# The Recurrent Neural Network

## Learning objectives

1. Understand the principles behind the creation of the recurrent neural network
2. MATH
3. CODE/MODELS
4. MORE STUFF

## Historical and theoretical background

The poet Derlmore Schartz once wrote: **"...time is the fire in which we burn"**. We can't scape time. Time is embedded in every human thought and action. Yet, so far, we have been oblivious to the role of time in neural network modeling. Indeed, in all models we have examined so far we have implicitly assumed that **data is "perceived" all at once**, although there are countless examples where time is a critical consideration: movement, speech production, planning, decision-making, etc. We also have implicitly assumed that **past-states have no influence in future-states**. This is, the input pattern at time-step $t-1$ has no influence in the output of time-step $t-0$, or $t+1$, or any subsequent outcome for that matter. In probabilistic jargon, this equals to assume that each sample is drawn independently from each other. We know in many scenarios this is simply not true: when giving a talk, my next utterance will depend upon my past utterances; when running, my last stride will condition my next stride, and so on. You can imagine endless examples.

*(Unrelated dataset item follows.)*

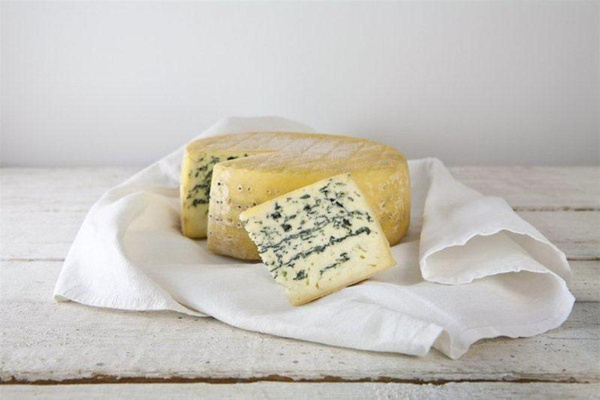 Produktfoto zu Friesisch Blue Rohmilchkäse 50% Backensholzer Hof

Multilayer perceptrons and Convolutional Networks, in principle, can be used to approach problems where time and sequences are a consideration. Nevertheless, such architectures where not designed with time in mind, and better architectures have been envisioned. In particular, **Recurrent Neural Networks (RNNs)** are the modern standard to deal with **time-dependent** and/or **sequence-dependent** problems. This type of networks are "recurrent" in the sense that they can **revisit or reuse past states as inputs to predict the next or future states**. To put it plainly, they have **memory**. Indeed, memory is what allow us to incorporate our past thoughts and behaviors into our future thoughts and behaviors.

### Hopfield Network

One of earliest examples of networks incorporating "recurrences" was the so-called **Hopfield Network**, introduced in 1982 by [John Hopfield](https://en.wikipedia.org/wiki/John_Hopfield), at the time, a physicist at Caltech. Hopfield networks were important as they helped to reignite the interest in neural networks in the early '80s (along with backpropagation). Hopfield wanted to address the fundamental question of **emergence** in cognitive systems: Can relatively stable cognitive phenomena, like memories, emerge from the collective action of large numbers of simple neurons? After all, such behavior was observed in other physicial systems like vortex patterns in fluid flow. Brains seemed like another promising candidate.

Hopfield networks are known as a type of **energy-based** (instead of error-based) network because their properties derive from a global energy-function. In resemblence to the McCulloch-Pitts neuron, Hopfield neurons are binary threshold units but with recurrent instead of feed-forward connections, where each unit is **bi-directionally connected** to each other, as shown in **Figure X**. This means that each unit *receives* inputs and *sends* inputs to every other connected unit. A consequence of this architecture is that **weights values are symmetric**, such that weights *coming into* a unit are the same as the ones *coming out* of a unit. The value of each unit is determined by a linear function wrapped into a threshold function $T$, as $y_i = T(\sum w_{ji}y_j + b_i)$.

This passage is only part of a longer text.